* _Data listing_:
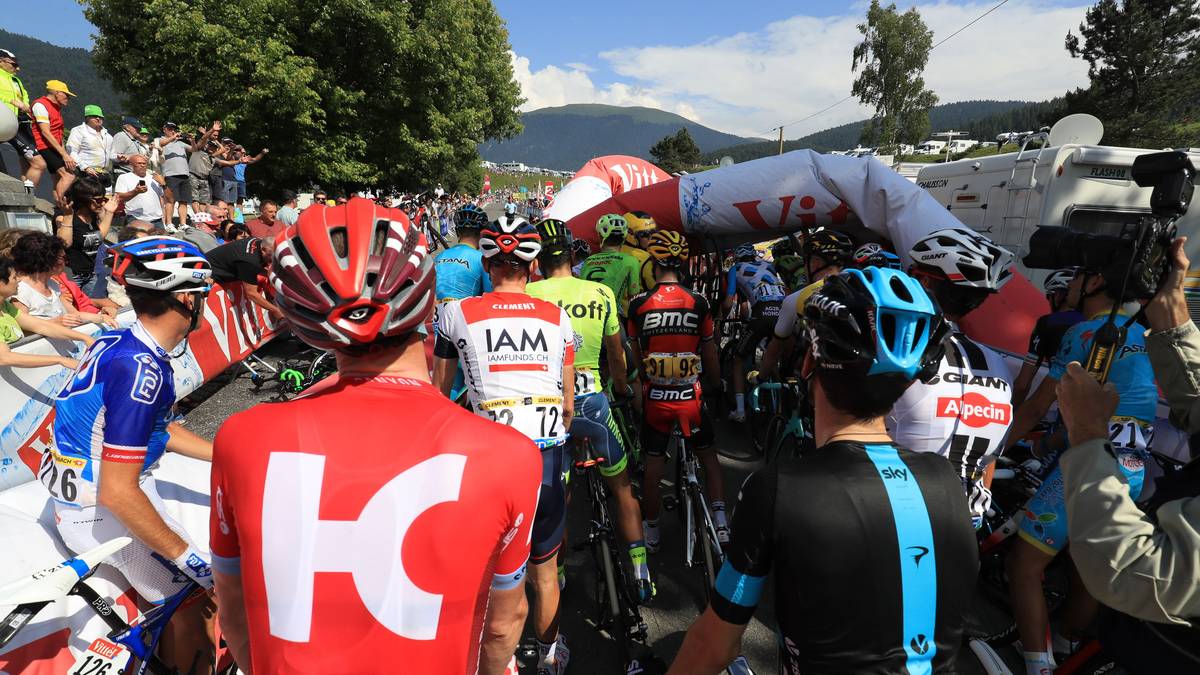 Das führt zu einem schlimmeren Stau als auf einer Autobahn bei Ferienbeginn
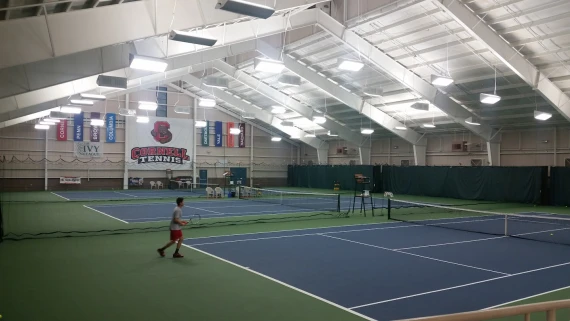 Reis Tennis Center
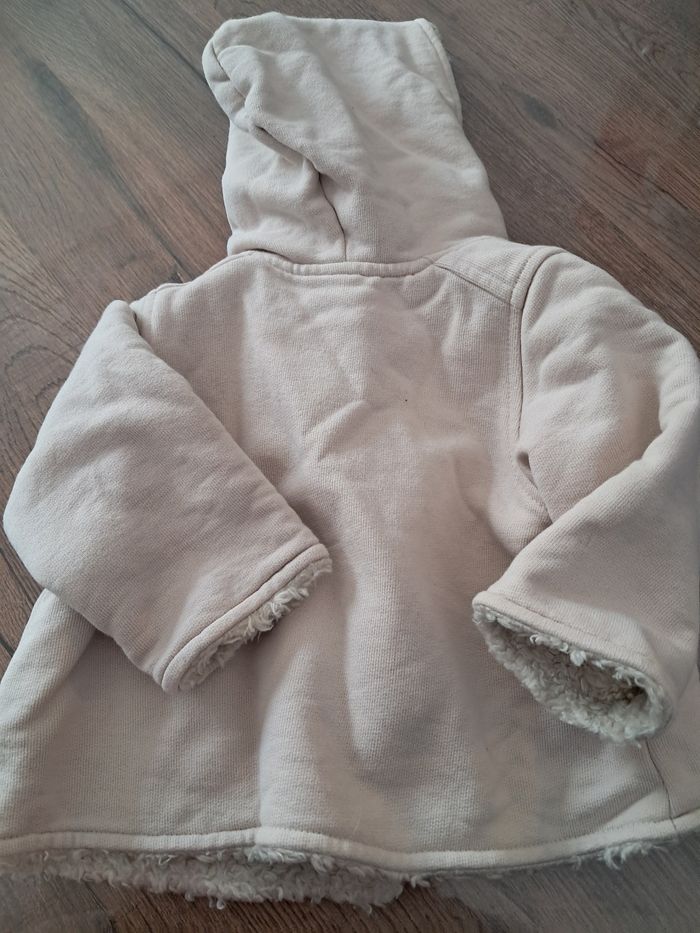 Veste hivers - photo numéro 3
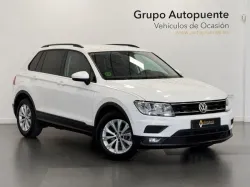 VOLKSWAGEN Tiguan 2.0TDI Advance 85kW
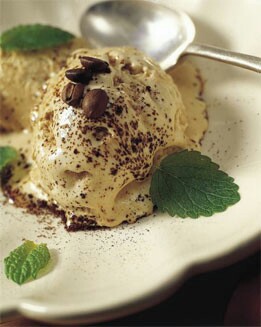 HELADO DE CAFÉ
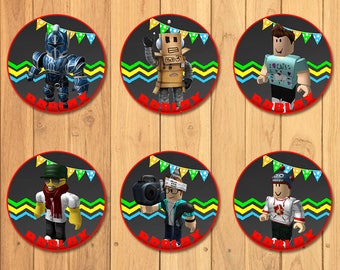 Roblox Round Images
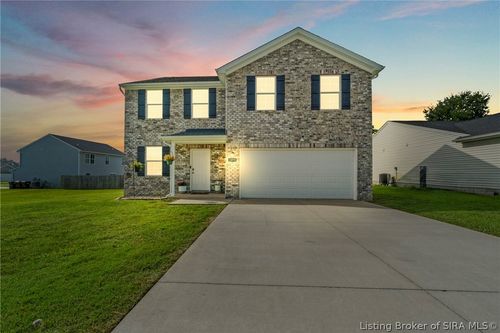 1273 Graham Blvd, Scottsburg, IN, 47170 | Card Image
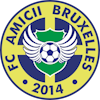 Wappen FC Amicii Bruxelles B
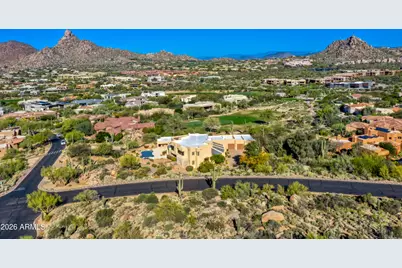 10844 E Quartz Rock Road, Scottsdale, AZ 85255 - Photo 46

* _Work request_: Copy exactly the lines from the one containing "Reis Tennis Center" to the end of the records, both included, and leave the pictures out.

* _Solution to the problem_:
 Reis Tennis Center
 Veste hivers - photo numéro 3
 VOLKSWAGEN Tiguan 2.0TDI Advance 85kW
 HELADO DE CAFÉ
 Roblox Round Images
 1273 Graham Blvd, Scottsburg, IN, 47170 | Card Image
 Wappen FC Amicii Bruxelles B
 10844 E Quartz Rock Road, Scottsdale, AZ 85255 - Photo 46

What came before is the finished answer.